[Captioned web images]
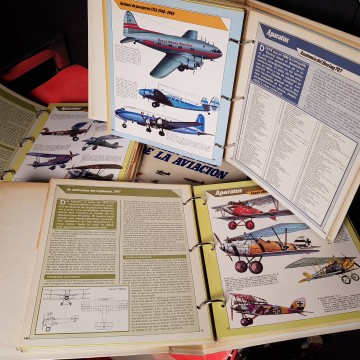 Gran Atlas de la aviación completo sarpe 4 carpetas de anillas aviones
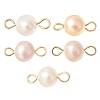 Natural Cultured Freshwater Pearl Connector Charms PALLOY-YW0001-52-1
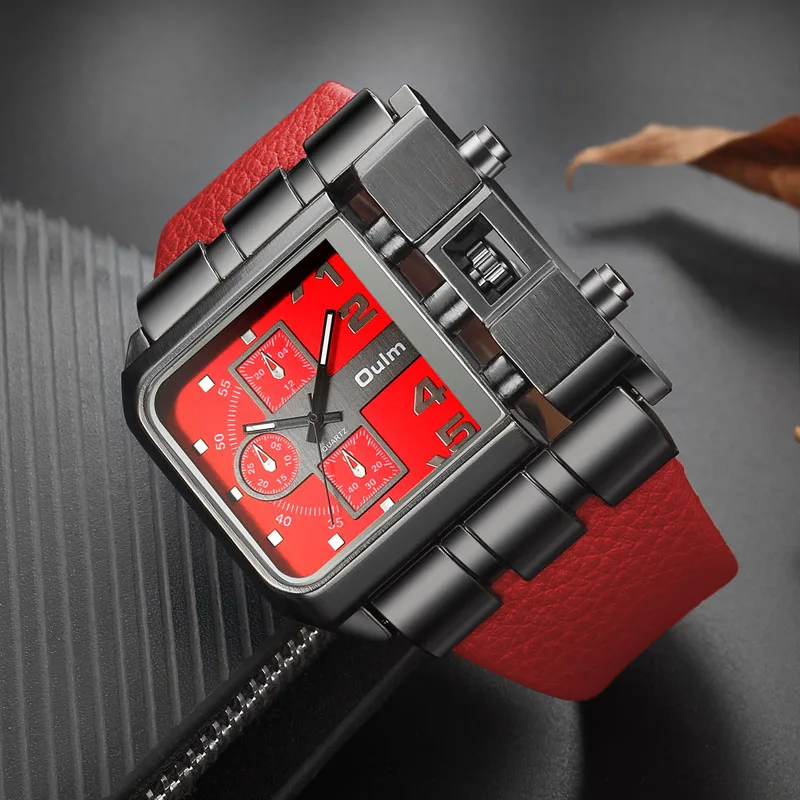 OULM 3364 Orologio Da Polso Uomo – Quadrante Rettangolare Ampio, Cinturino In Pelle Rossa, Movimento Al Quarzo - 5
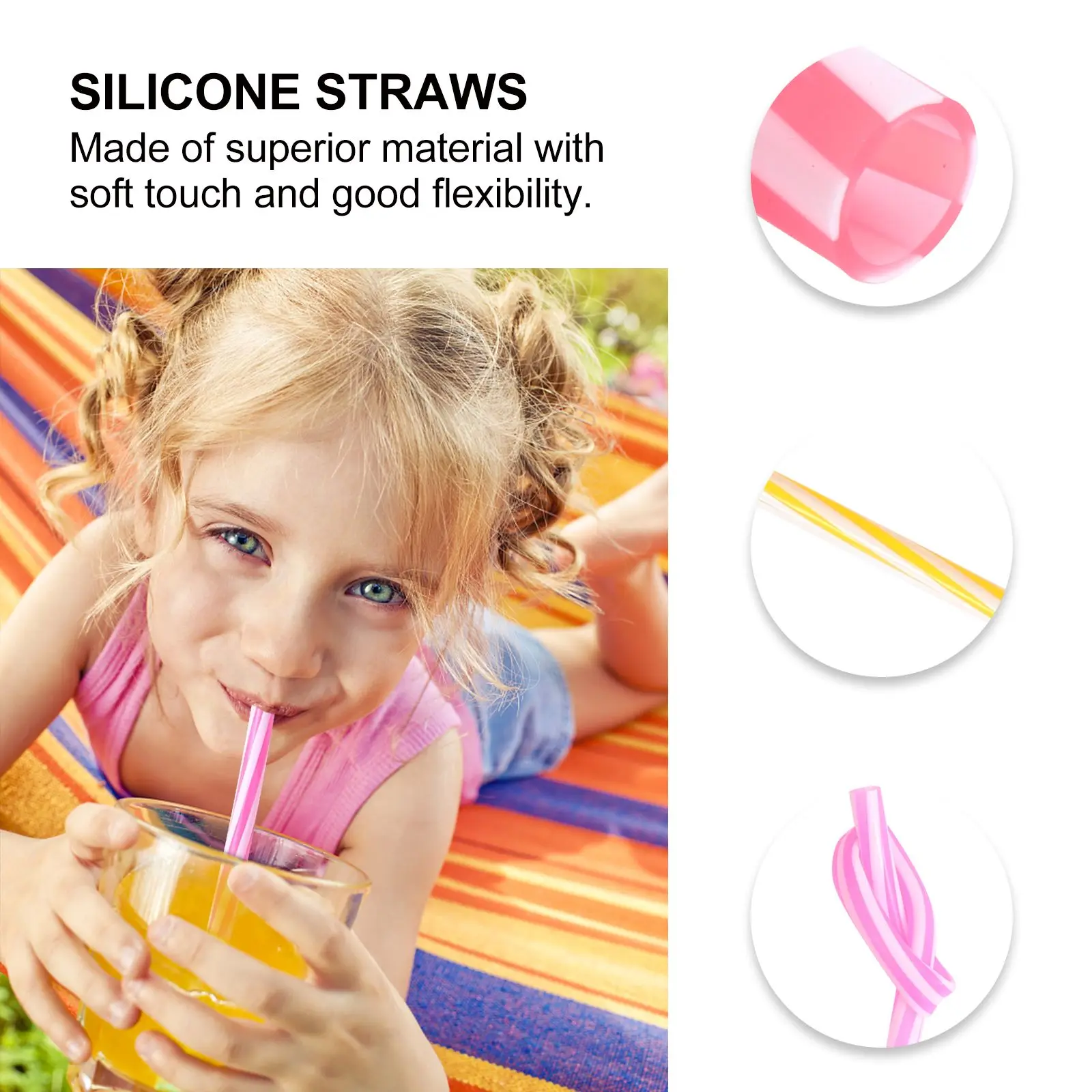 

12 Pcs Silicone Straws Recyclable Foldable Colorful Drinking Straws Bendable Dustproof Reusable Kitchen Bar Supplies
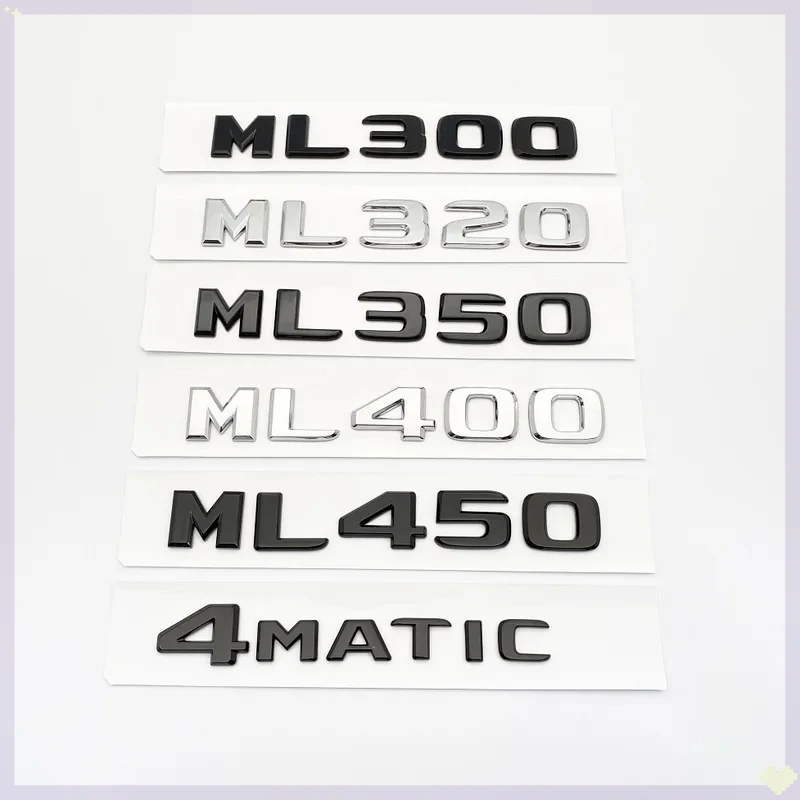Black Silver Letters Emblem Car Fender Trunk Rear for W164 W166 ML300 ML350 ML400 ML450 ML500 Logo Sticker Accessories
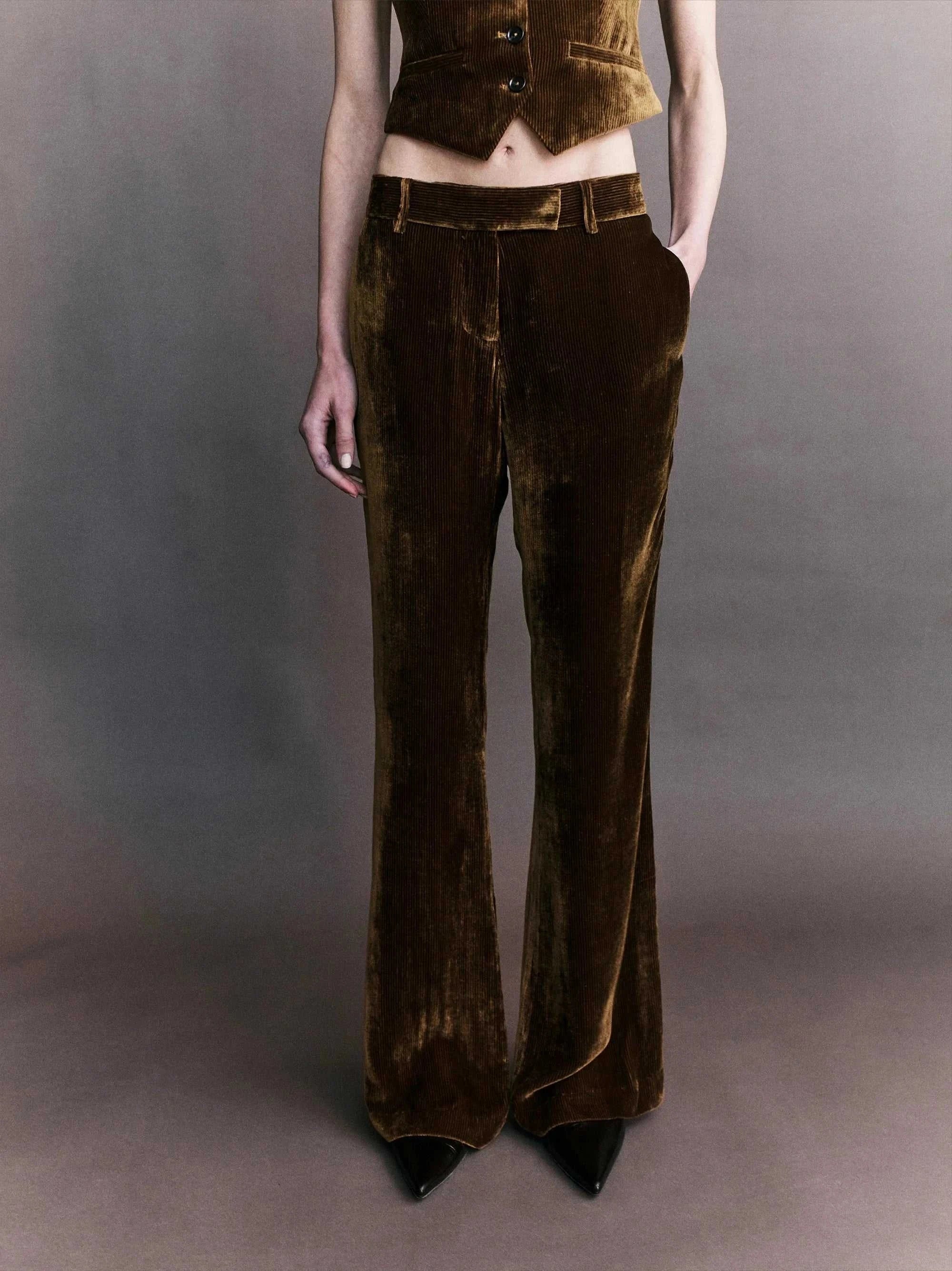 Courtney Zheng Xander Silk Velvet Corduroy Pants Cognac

TASK: Repeat only what lies between the start of the data and the end of the line containing "Black Silver Letters", exactly, with pictures left out.

EXERCISE RESPONSE:
 Gran Atlas de la aviación completo sarpe 4 carpetas de anillas aviones
 Natural Cultured Freshwater Pearl Connector Charms PALLOY-YW0001-52-1
 OULM 3364 Orologio Da Polso Uomo – Quadrante Rettangolare Ampio, Cinturino In Pelle Rossa, Movimento Al Quarzo - 5

12 Pcs Silicone Straws Recyclable Foldable Colorful Drinking Straws Bendable Dustproof Reusable Kitchen Bar Supplies
Black Silver Letters Emblem Car Fender Trunk Rear for W164 W166 ML300 ML350 ML400 ML450 ML500 Logo Sticker Accessories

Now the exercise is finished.